Front. Oncol., 18 April 2023
Sec. Gastrointestinal Cancers: Gastric and Esophageal Cancers
This article is part of the Research Topic Biomarkers, Functional Mechanisms, and Therapeutic Potentials in Gastrointestinal Cancers View all 40 articles

Prognostic value of neutrophil to lymphocyte ratio in gastric cancer patients receiving immune checkpoint inhibitors: a systematic review and meta-analysis

Siheng Zhang,&#x;Siheng Zhang1,2†Chao Qiu&#x;Chao Qiu3†Hanzhi YuHanzhi Yu4Yan Xu*Yan Xu1*Xiaoming Xu*Xiaoming Xu5*
  • 1Zhejiang Provincial Center for Disease Control and Prevention, Hangzhou, Zhejiang, China
  • 2School of Public Health, Jinan University, Guangzhou, Guangdong, China
  • 3School of Basic Medical Sciences, Lanzhou University, Lanzhou, China
  • 4Department of Pharmacology, School of Basic Medical Science, Tianjin Medical University, Tianjin, China
  • 5Department of Gastroenterology, Jining First People's Hospital, Jining, China

Background: The neutrophil to lymphocyte ratio (NLR) is a cost-effective and easily identifiable inflammatory biomarker that has been shown to be closely associated with tumor prognosis and predict survival in patients with multiple malignancies. However, the predictive value of NLR in patients with gastric cancer (GC) treated with immune checkpoint inhibitors (ICIs) has not been fully explored. Therefore, we conducted a meta-analysis to explore the potential of NLR as a predictor of survival in this population.

Methods: We systematically searched the PubMed, Cochrane Library, and EMBASE databases from inception to the present for observational researches on NLR and its relationship with progression or survival in GC patients receiving ICIs. To assess the prognostic significance of NLR on overall survival (OS) or progression-free survival (PFS), we used fixed or random-effect models to derive and combine hazard ratios (HRs) with 95% confidence intervals (CIs). We also examined the relationship between NLR and treatment efficacy by calculating relative risks (RRs) with 95% CIs for objective response rate (ORR) and disease control rate (DCR) in patients with GC receiving ICIs.

Results: Nine studies of 806 patients were eligible. OS and PFS data were obtained from 9 and 5 studies, respectively. In nine studies, NLR was associated with poor survival, the pooled HR was 1.98 (95% CI 1.67- 2.35, p < 0.001), indicating a significant association between high NLR and worse OS. We conducted subgroup analyses based on study characteristics to confirm the robustness of our findings. A relationship between NLR and PFS were reported in five studies with a HR of 1.49 (95% CI 0.99- 2.23, p = 0.056), which was not significantly associated. Pooling four studies that examined the correlation between NLR and ORR/DCR in GC patients, we observed a significant correlation between NLR and ORR (RR = 0.51, p = 0.003), but no significant correlation between NLR and DCR (RR = 0.48, p = 0.111).

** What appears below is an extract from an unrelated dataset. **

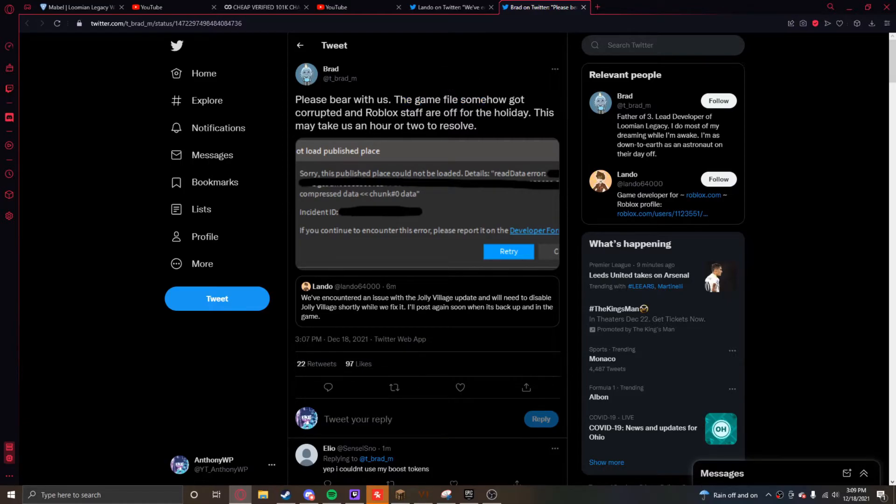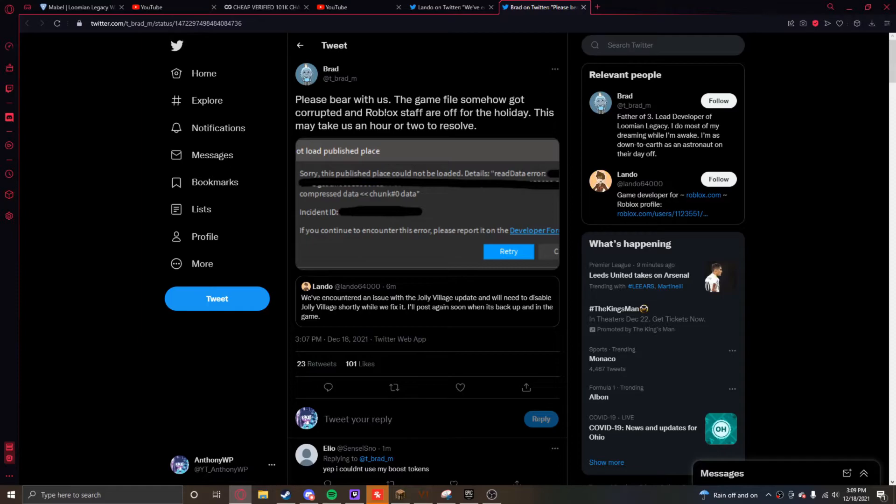So basically the new village area will not be active for maybe an hour or two while TP Adam tries to get the server fixed up.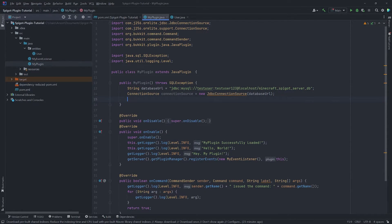Now we need to create a DAO — a Data Access Object. DAOs follow a pattern to isolate the application layer from the persistent layer. Our application layer is the Spigot plugin, and our persistent layer is the database. The DAO acts as a middleman to allow the application to interact with the data layer. This is a common pattern in Java — if you've used Spring Boot before, you've typically heard of DAOs.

Conclusion: In summary, this meta-analysis indicates that increased NLR is significantly linked to worse OS in patients with GC receiving ICIs. In addition, lowering NLR can improve ORR. Thus, NLR can serve as a predictor for prognosis and treatment response in GC patients treated with ICIs. Nevertheless, further high-quality prospective studies are required to verify our findings in the future.

1 Introduction

According to projections from the International Agency for Research on Cancer (IARC), by 2020 there would be 1,089,103 new cases of gastric cancer (GC) globally, accounting for 5.6% of all diagnosed cancer cases, with 768,793 deaths attributable to the disease (1). GC remains the fourth most frequent type of cancer, with a high mortality rate (2). Conventional therapies have limited clinical efficacy, and the median overall survival rate for advanced GC is only approximately 8 months (3). Over the past decade, immune checkpoint inhibitors (ICIs) with monoclonal antibodies that suppress programmed cell death protein 1 (PD-1), PD-L1, and cytotoxic T lymphocyte antigen 4 (CTLA-4) has emerged as a promising therapeutic option for various cancers (4). After surgery, chemotherapy, radiation, and targeted therapy, immunotherapy has become an effective treatment technique and one of the breakthroughs in cancer treatment (5). ICIs can effectively interrupt the interaction of immune checkpoints, thereby disrupting tumor cells by activating the host’s immune system. Compared with traditional therapies, immune therapy has demonstrated potent efficacy and tolerable toxicity (6).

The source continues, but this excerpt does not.